Task prompt
The line that contains "Pin On Vespa Piet Mondrian" marks the start. Please set it down, with every later line of the data, exactly and without pictures.

Records provided
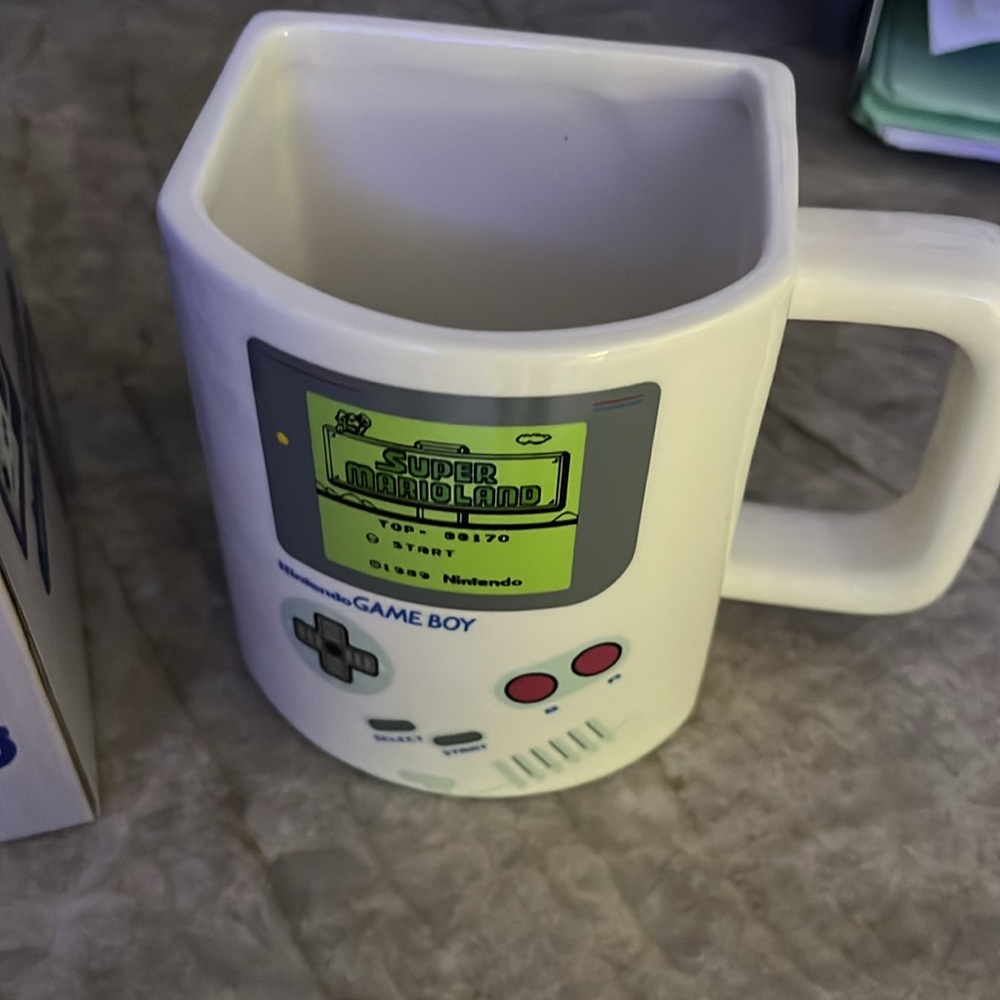 💕HP💕NIB! Gameboy Cookie Mug 10 oz - Picture 3 of 4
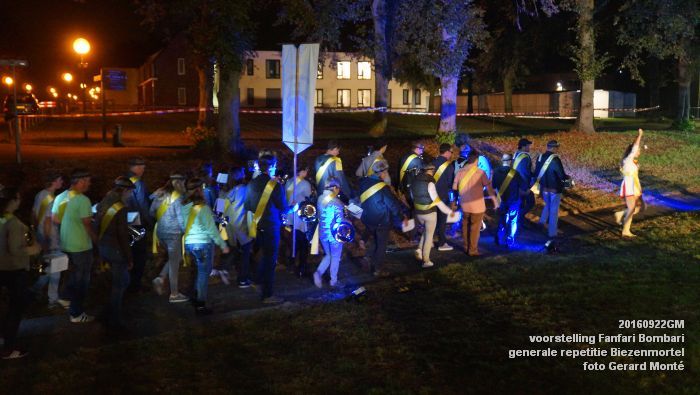 DSC04875-DSC05043- voorstelling Fanfari Bombari - generale repetitiefotos Biezenmortel- 22september2016 -  foto GerardMontE web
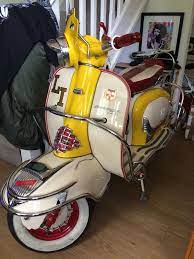 Pin On Vespa Piet Mondrian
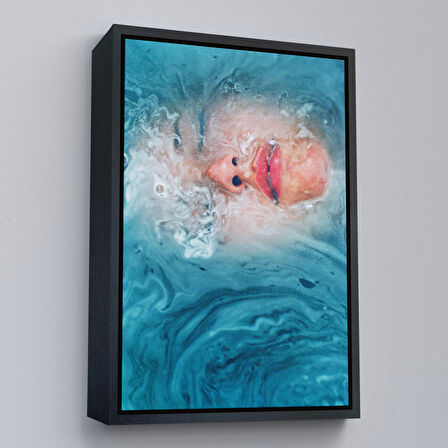 Beyaz Çerçeveli Su Altındaki Kadın Dekoratif Duvar Tablosu
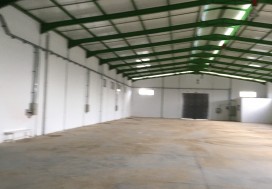 A L  LOCAL 3200 EXT A 10000 M2 TUN OUEST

Response
 Pin On Vespa Piet Mondrian
 Beyaz Çerçeveli Su Altındaki Kadın Dekoratif Duvar Tablosu
 A L  LOCAL 3200 EXT A 10000 M2 TUN OUEST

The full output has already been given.